A Dividend is a payment made by a company. This payment is directed to a selected group of shareholders of a company. Usually, every shareholder is eligible if they own a stock or a part of it before the ex-dividend date. A dividend often comes from the company’s net profit unless they are fund dividends. Normally, a dividend is paid out as cash, but it can also be paid in additional shares of stock, which are not taxed.

How do stock dividends work?

Dividends are paid per share of stock and are scheduled monthly, quarterly, or annually depending on the company. For example, Microsoft pays a quarterly dividend of $0.56 per share according to Microsoft News Center.

What companies don’t pay dividends?

Start-up companies rarely pay dividends because these companies use their profits for research, expansion, product development, and acquisitions. All these costs a lot of money thereby companies in the early stages can’t afford to pay dividends.

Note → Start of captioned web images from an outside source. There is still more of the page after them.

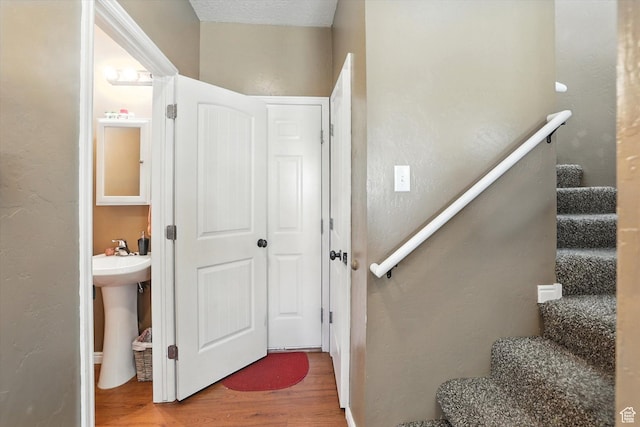487 W 1490 N Unit 106, Logan, UT 84341 - stairway featuring wood finished floors and a textured wall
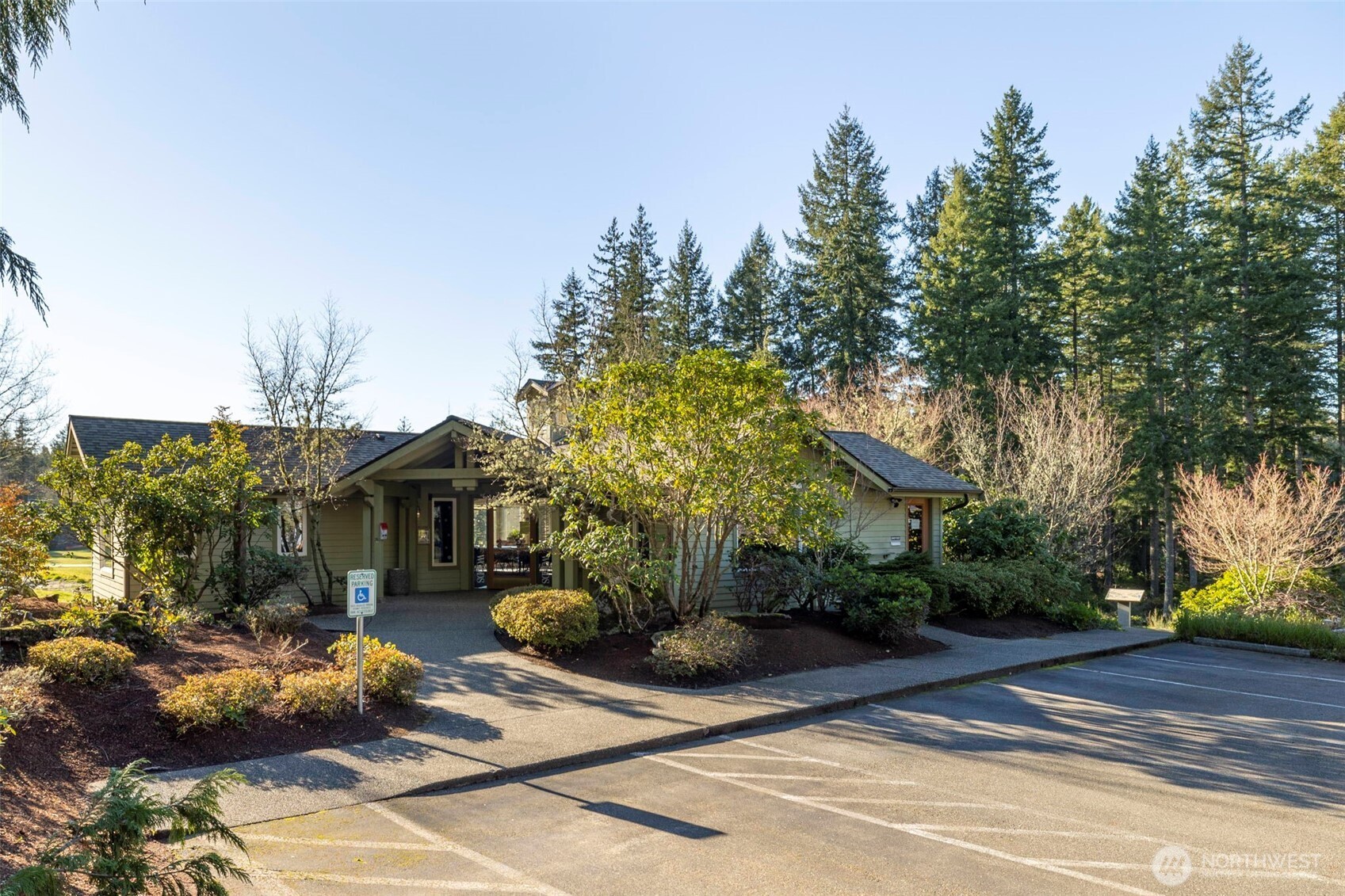 7033 Prestwick Lane Southwest Port Orchard, WA 98367 - Photo 32 of 39 a view of a house with a yard and tree s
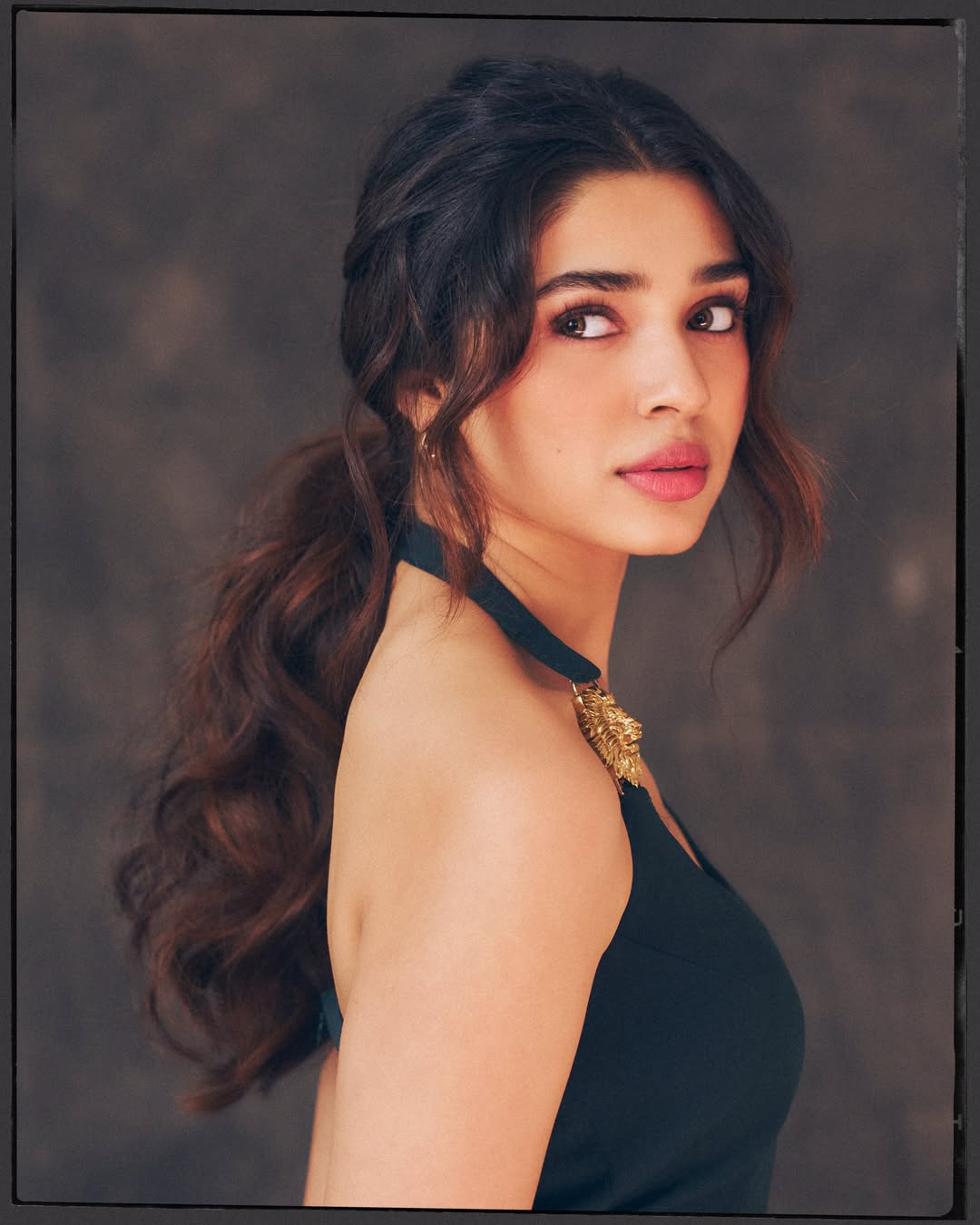 Krithi Shetty black dress with gold jewellery style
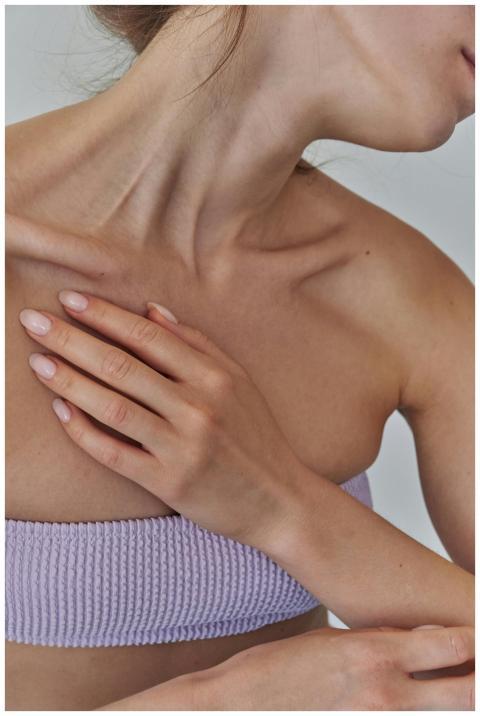 Close-up of a woman's hand resting on her collarbo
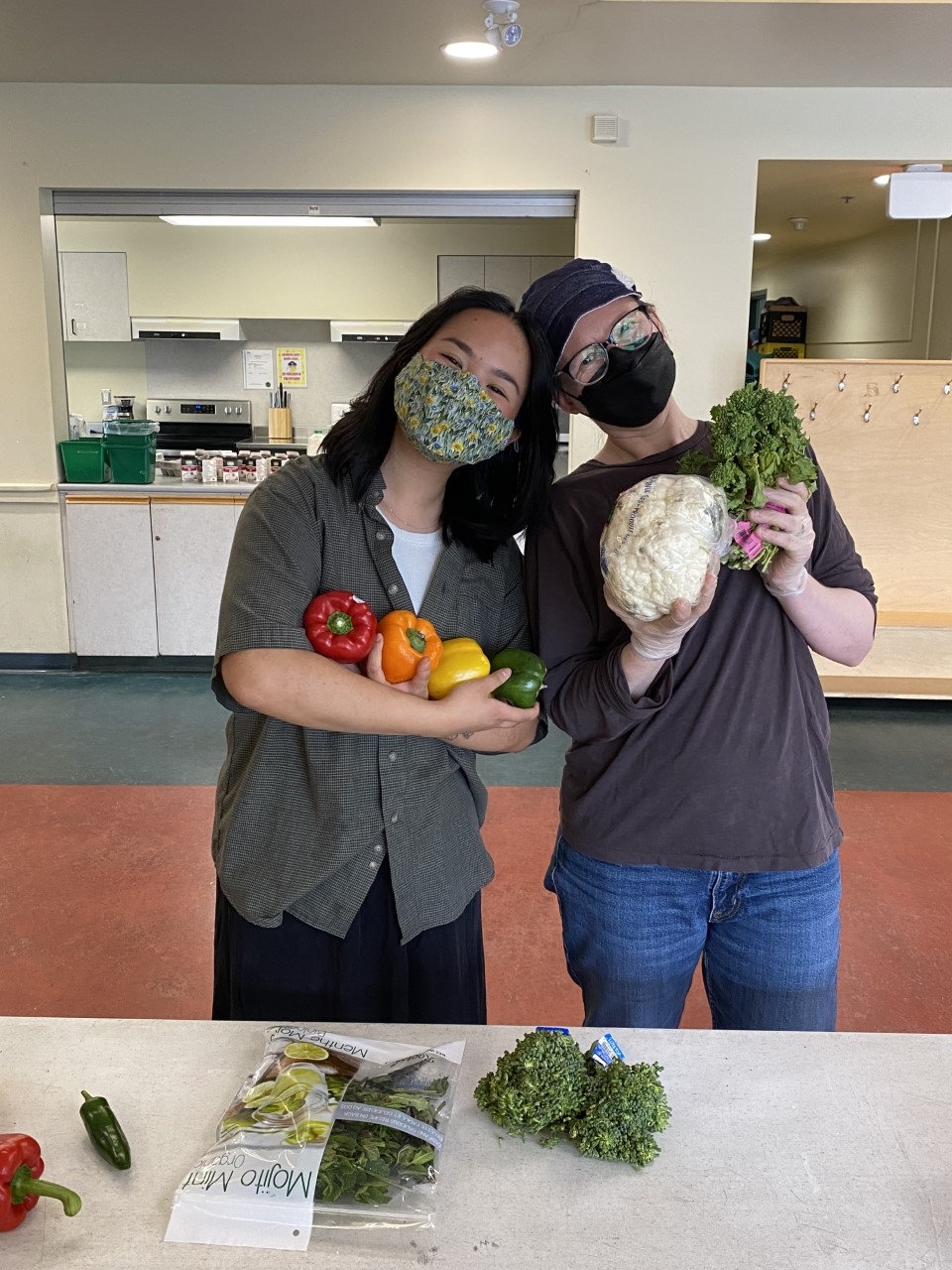 Two people holding produce (bell peppers, cauliflower and broccoli) and wearing masks smile and pose for a photo.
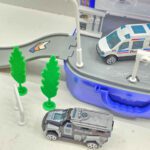 Price and Buy Police Suitcase Parking Playset 8-Piece– Includes 2 Die-Cast Police Cars & Rescue Helicopter - Image 5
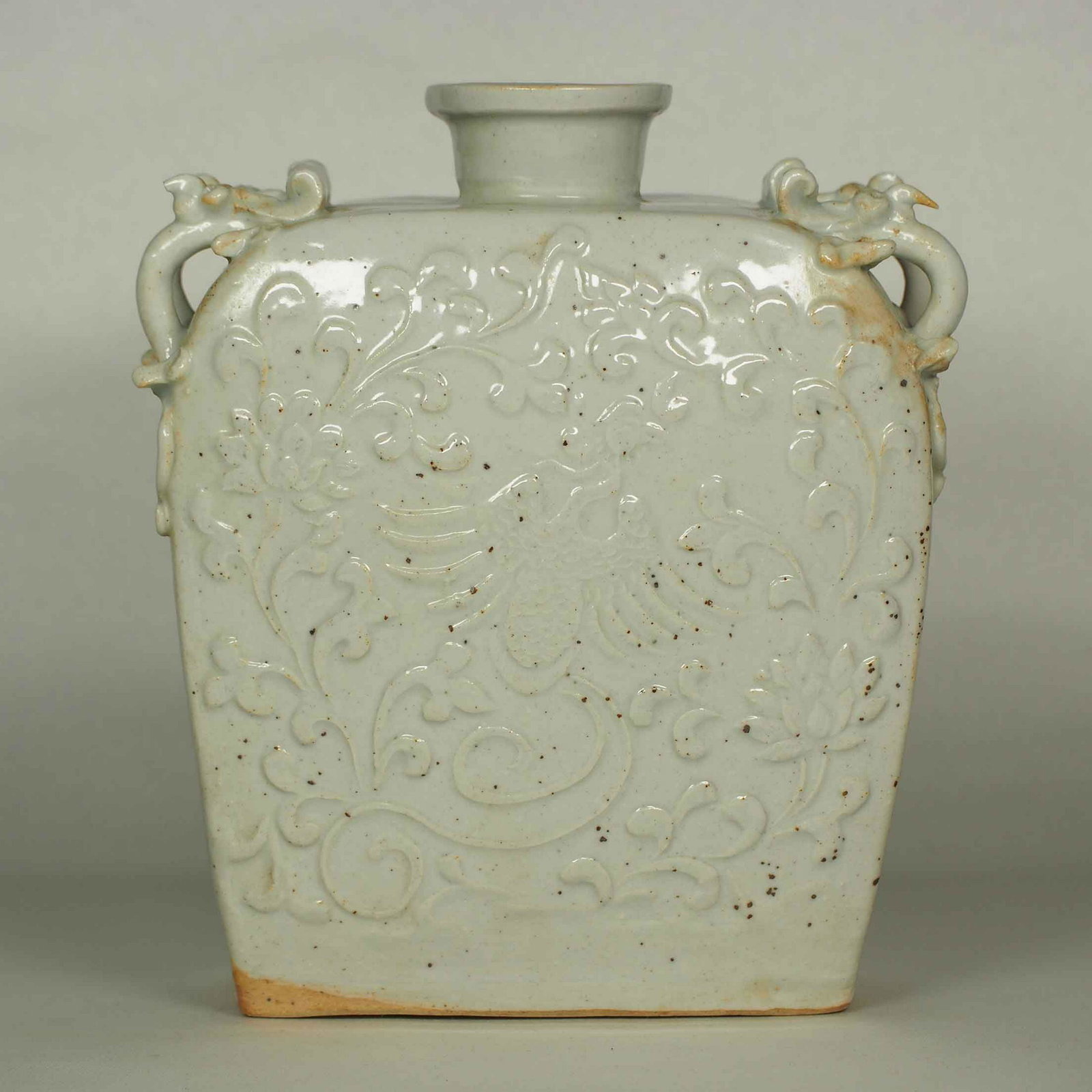 Dragon-Form Handled Flask with Phoenix, Yuan early Ming: Very rare and beautiful luanbai white glaze impressed-moulded phoenix and dragon-form handled flask. Height 160mm, 6-1/3"inch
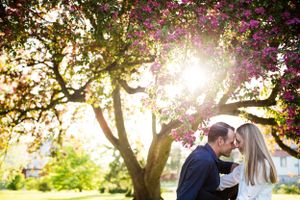 A young couple sitting on the ground forehead to forehead in front of a blooming tree
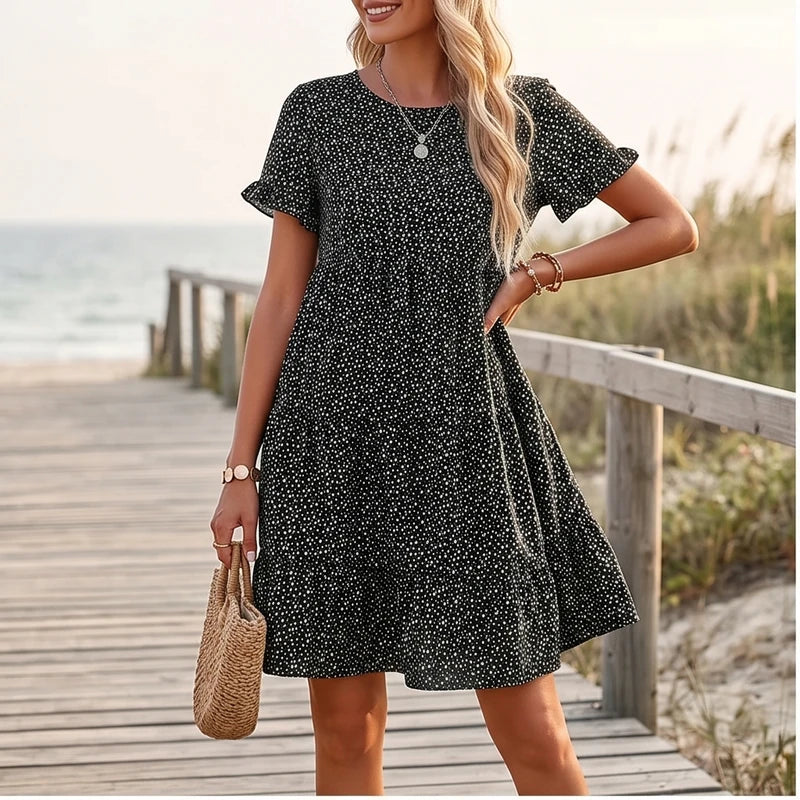 Model wearing Black Dotted Mini A-Line Sundress with Short Sleeves outdoors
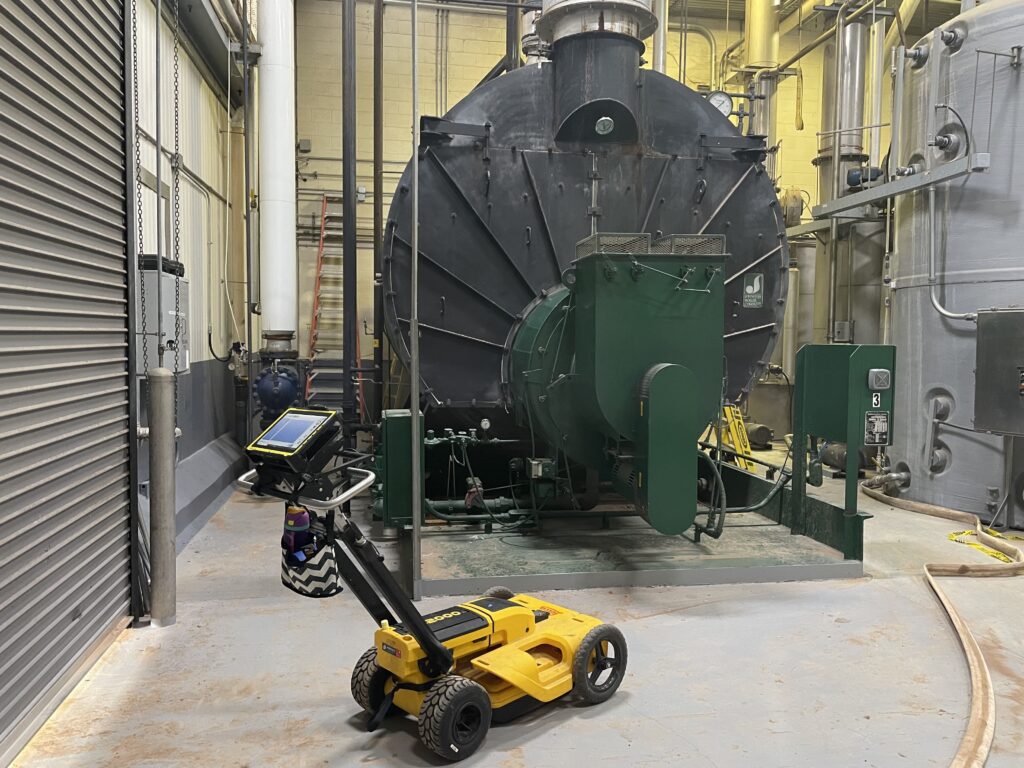 GPR Arkanas' GPR cart used to detect an underground water leak in a boiler room.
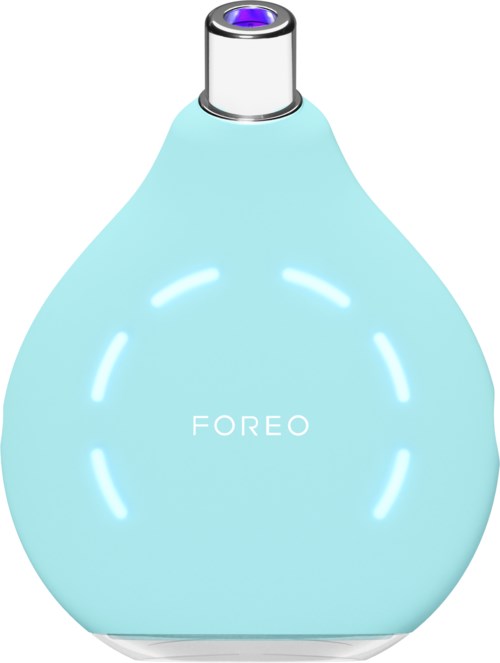 Vaaleansininen laite pyöreä muoto, jossa lukee 'FOREO'. Se on todennäköisesti kauneus- tai ihonhoitolaite.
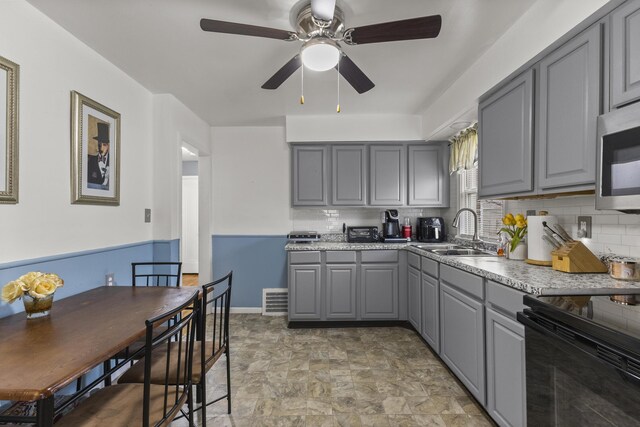8450 Warren Blvd, Center Line, MI 48015 - kitchen featuring a sink, stainless steel microwave, decorative backsplash, a ceiling fan, and gray cabinets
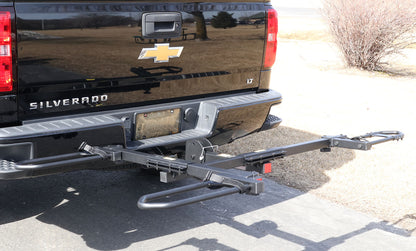 Angled view of the Sunlite HRT-100 Trike Auto Rack for 2-inch Receivers mounted on the hitch on a black pickup truck in an outdoor setting.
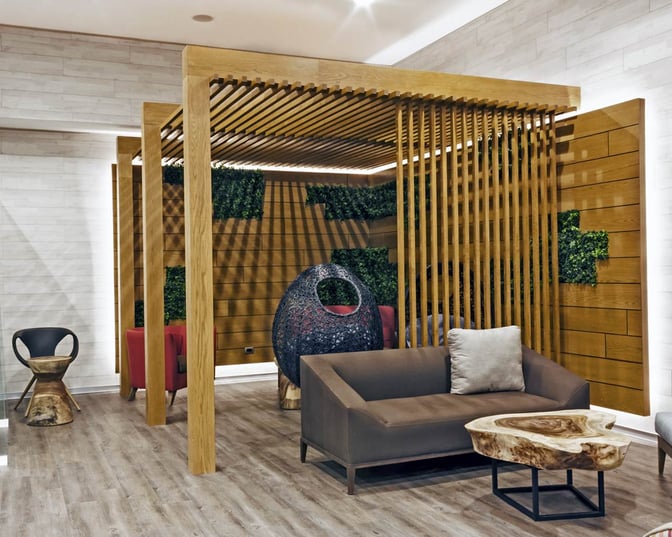 The seating area in MERA Business Lounge at Cancun International Airport features comfortable sofas and unique chairs with decorative wooden partitions.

Many biotech and tech companies are considered high-growth companies. These types of companies rather reinvest their profits in new products, new ideas, and better services, instead of using the cash to pay dividends. Remember, high-growth companies have the capacity to keep growing regardless of how big they already are. When a company keeps growing their stock value increases, giving shareholders in return something more valuable than dividends. Without mentioning that by doing so companies avoid taxes. Everybody wins!!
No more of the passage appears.